I’ve really been enjoying the Ken Burns series Country Music that’s been airing on PBS the past few weeks, and it’s reminded me of several classic country songs that I love. So, over the next week or two, I’ll be writing about a few of my personal favorites, the first of which is “Crazy” by Patsy Cline. The beautiful but heartbreaking song was Cline’s highest-charting single on the Billboard Hot 100, peaking at #9 and reaching #2 on the Country Chart, and has endured as one of the most popular and beloved songs of all time in the 58 years since its release. It was stated in the Country Music series that it’s the most-played jukebox track of all time.
Born Virginia Patterson Hensley in 1932, Cline is considered one of the most important and influential female vocalists of the 20th Century, and one of the first country music artists to successfully crossover onto the pop charts. With her deep, resonant singing voice and ability to convey strong feelings of emotional pain and longing, she could bring even the biggest cynic to their knees. The Washington Star magazine beautifully described the essence of her vocal style: “She creates the moods through movement of her hands and body and by the lilt of her voice, reaching way down deep in her soul to bring forth the melody. Most female country music vocalists stand motionless, singing with a monotonous high-pitched nasal twang. Patsy’s come up with a throaty style loaded with motion and E-motion.”
After a slow start, with a series of singles she recorded for Four Star Records failing to become hits, Cline finally had her first break-out hit “Walkin’ After Midnight” on the Decca Records label in 1957. Then, surprisingly, she didn’t have another chart hit until 1961’s “I Fall to Pieces”. In June of that year, she and her brother were in a near-fatal head-on car crash in which she was thrown through the windshield, suffering a severe cut to her forehead that narrowly missed her eyes and left her with a huge scar.

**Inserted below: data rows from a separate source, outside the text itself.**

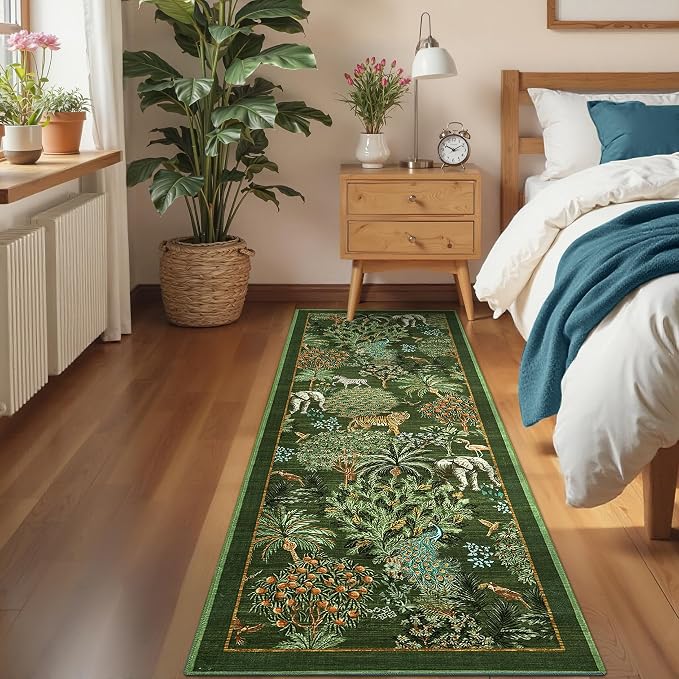 GarveeHome Jungle Rug 2.5x8 Kitchen Runner Rug Non Slip Washable Runners - Image 3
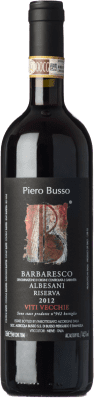 157,95 € Envío gratis | Vino Tinto Piero Busso Albesani VV Vigne Vecchie — Viñas Viejas D.O.C.G. Barbaresco Piemonte Italia Nebbiolo 75 cl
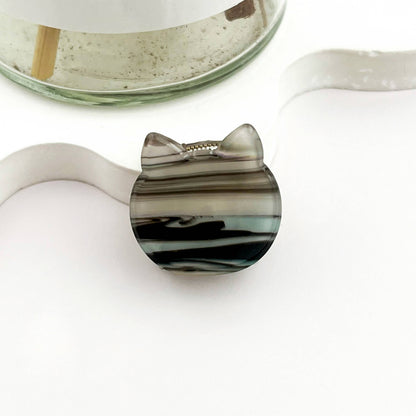 Mini Cat Hair Claw Clip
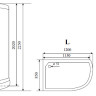 Timo Comfort T-8802R Clean Glass душевая кабина (120*85*220), шт - Timo Comfort T-8802R Clean Glass душевая кабина (120*85*220), шт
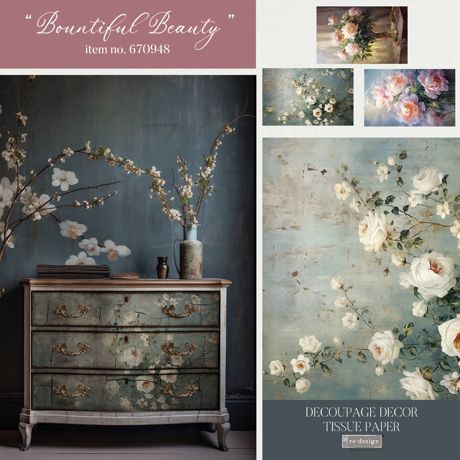 Prima Re-Design Decoupage Decor Tissue Paper - Bountiful Beauty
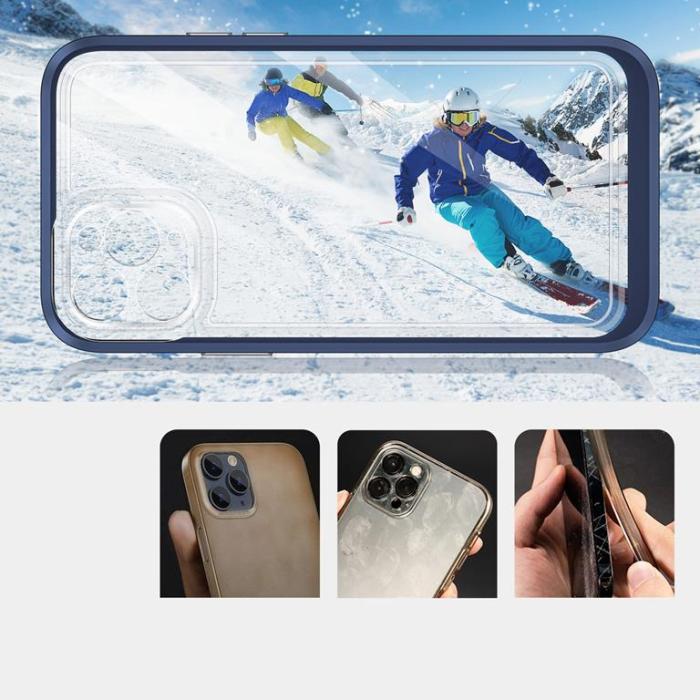 OEM - iPhone 11 Pro Skal Clear 3in1 - Blå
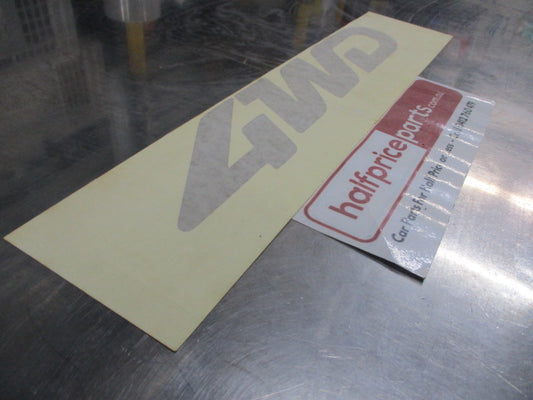 Ford Courier Dual cab 4WD/Mazda B2500 Genuine Rear Right Or Left Tub Decal New Part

After recovering well enough from the accident, though still in pain, she recorded “Crazy”. And oh man, that pain seems to emanate from her very core when she delivers those poignant lyrics with such conviction that we believe every word.

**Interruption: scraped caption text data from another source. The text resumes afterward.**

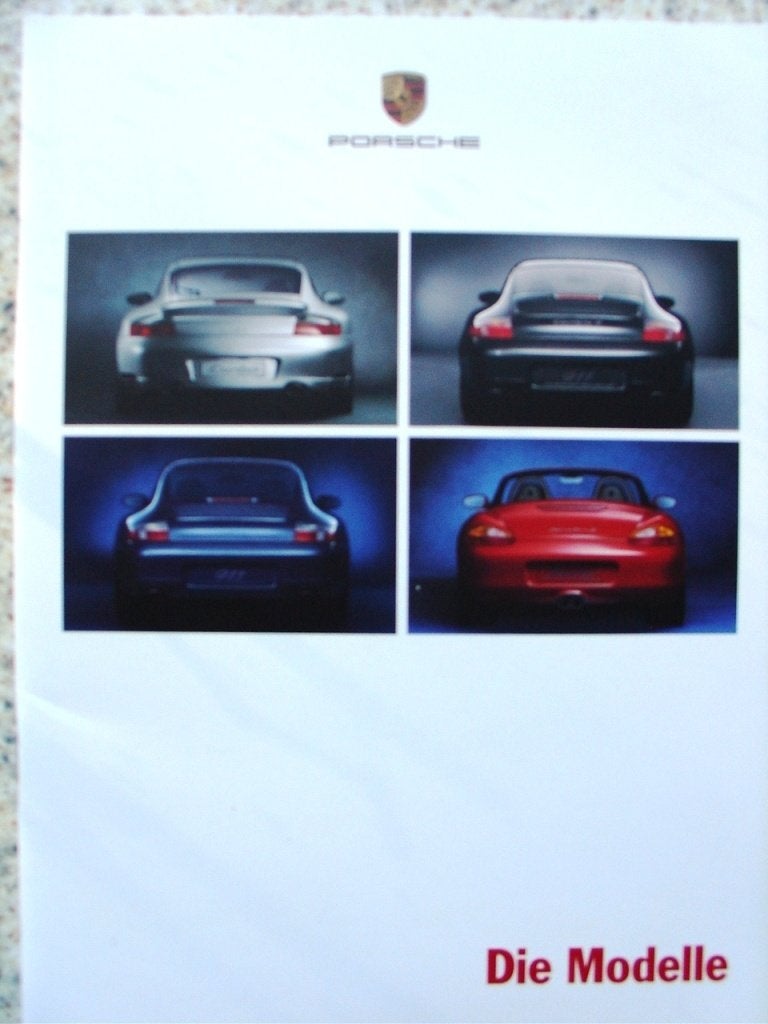Porsche Die Modelle 2001brochure, Verzenden, Zo goed als nieuw, Porsche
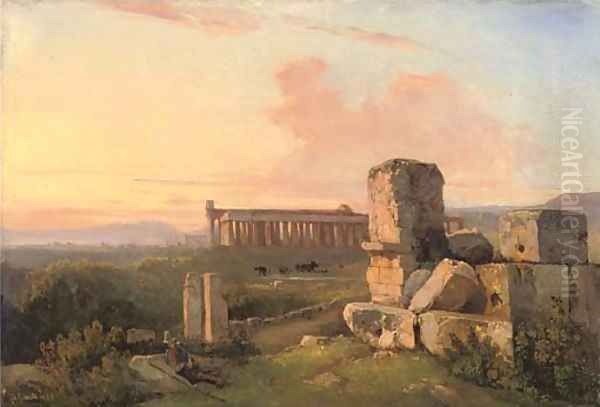 Ruins at Paestum - view 1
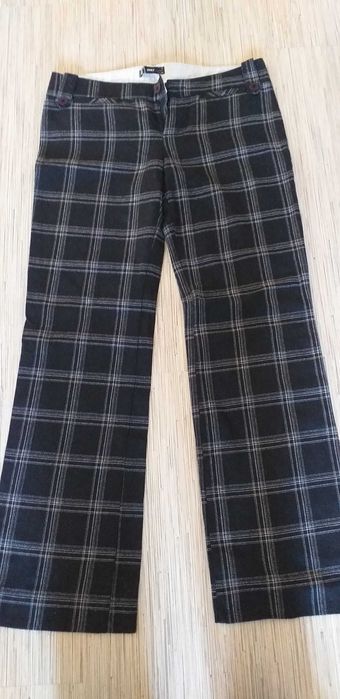 Spodnie damskie w kratę ONLY eleganckie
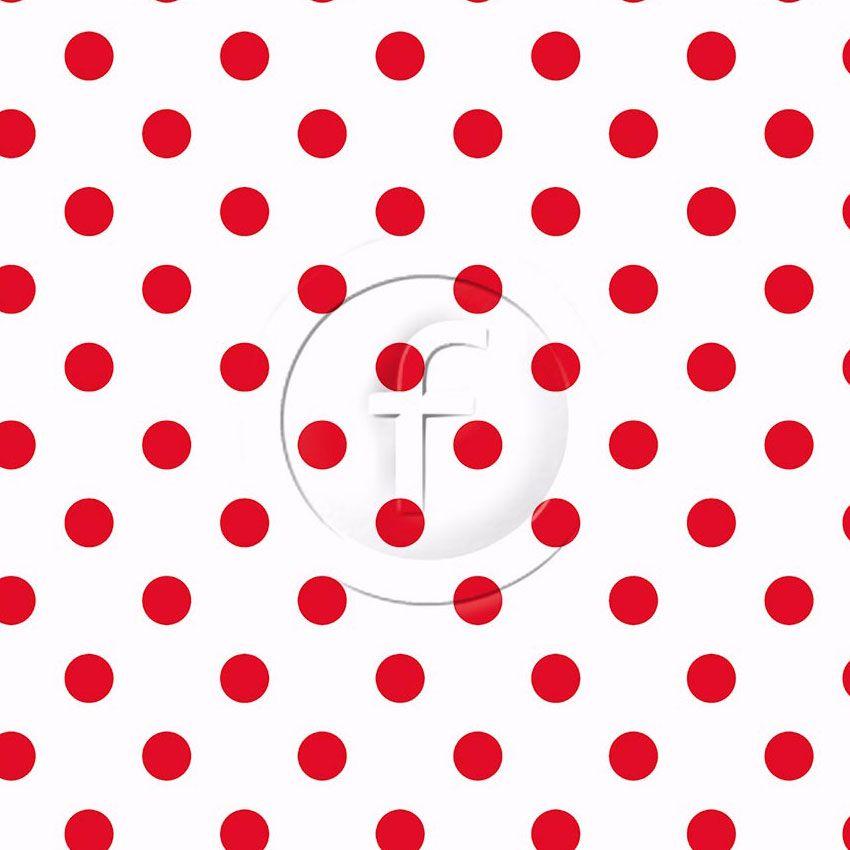 Polka Dot 20Mm Red White, Spotted Scalable Stretch Fabric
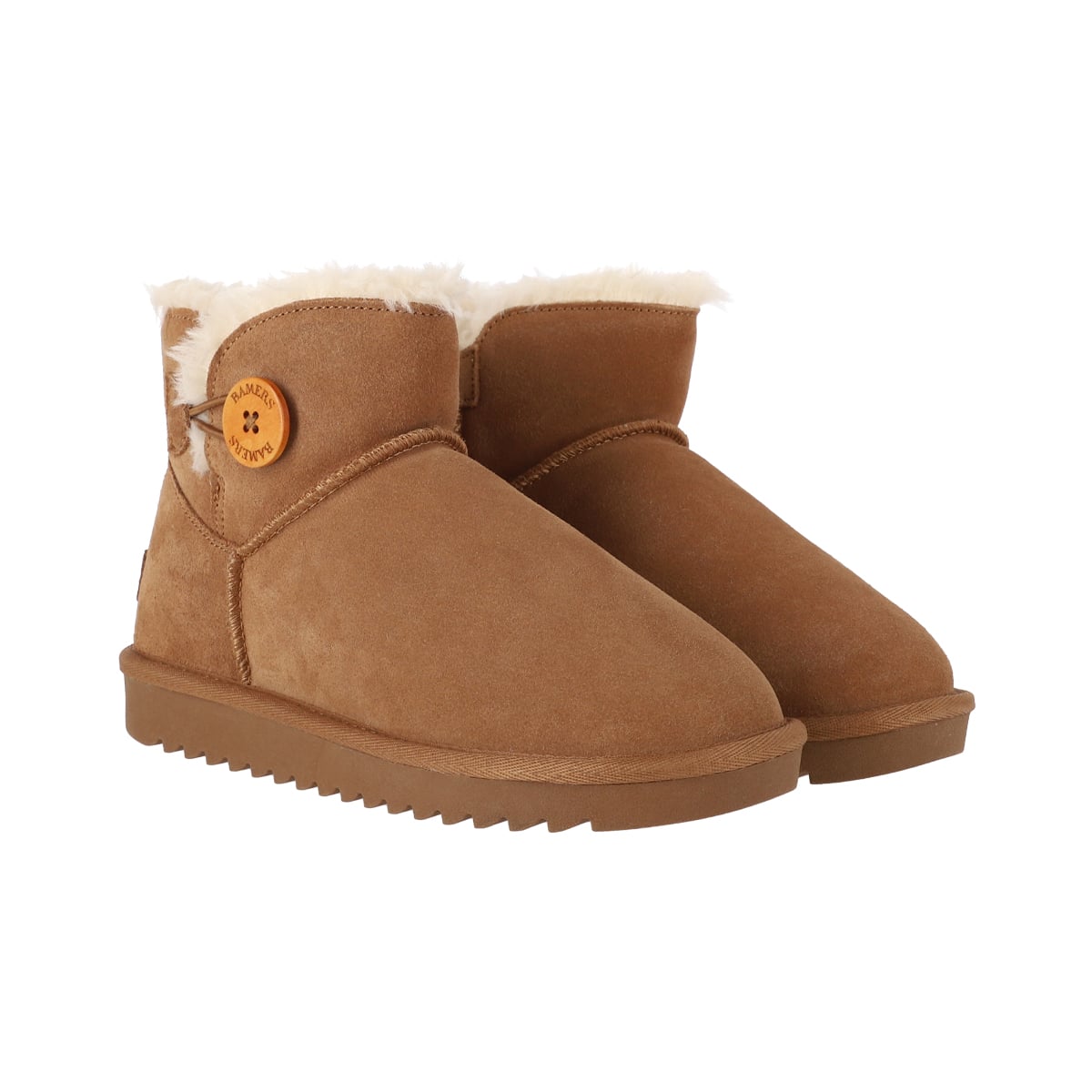 BOTAS MUJER CUERO BLAST BUTTON SHORT CARAMEL BAMERS - 5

Like with many classic songs, “Crazy” has an interesting back story. Cline’s husband Charlie Dick actually first heard the song one night on a jukebox while waiting for her in a bar. It was a recording by Paul Buskirk and His Little Men, featuring Hugh Nelson – now known as Willie Nelson – who wrote the song. Dick thought it would be a perfect song for her, and approached Nelson about them recording his song, to which he agreed. He then pitched it to Cline, who didn’t like it, and didn’t want to record it. She considered herself a country singer, and didn’t particularly like the vulnerable heartbroken sound of songs like “Crazy.” But her record producer Owen Bradley believed those songs were exactly right for her, and ultimately convinced her to record it.
Bradley wanted to produce a new and more sophisticated form of country music by adding more instrumentation and background vocals to create a fuller, richer sound. He brought in The Jordanaires, who also sang backup on a lot of Elvis Presley’s songs, and hired young piano player Floyd Cramer, as well as bass guitarist Bob Moore. Cline listened to Buskirk & Nelson’s version of “Crazy” and decided she would perform it differently, removing a spoken section that was featured on the original recording. When the song was set to be recorded on August 17, 1961, Cline first performed some other material, and by the time they got to “Crazy”, she was tired and had difficulty singing the song’s higher notes due to residual rib pain from the car accident. Bradley sent her home to rest while the musicians laid down the instrumentals without her. A week later she returned and recorded her vocal in a single take. As we can all attest, it was perfect, and the rest is history.
Her untimely death less than two years later was a terrible loss, and we can only imagine how many more wonderful songs she could have given the world.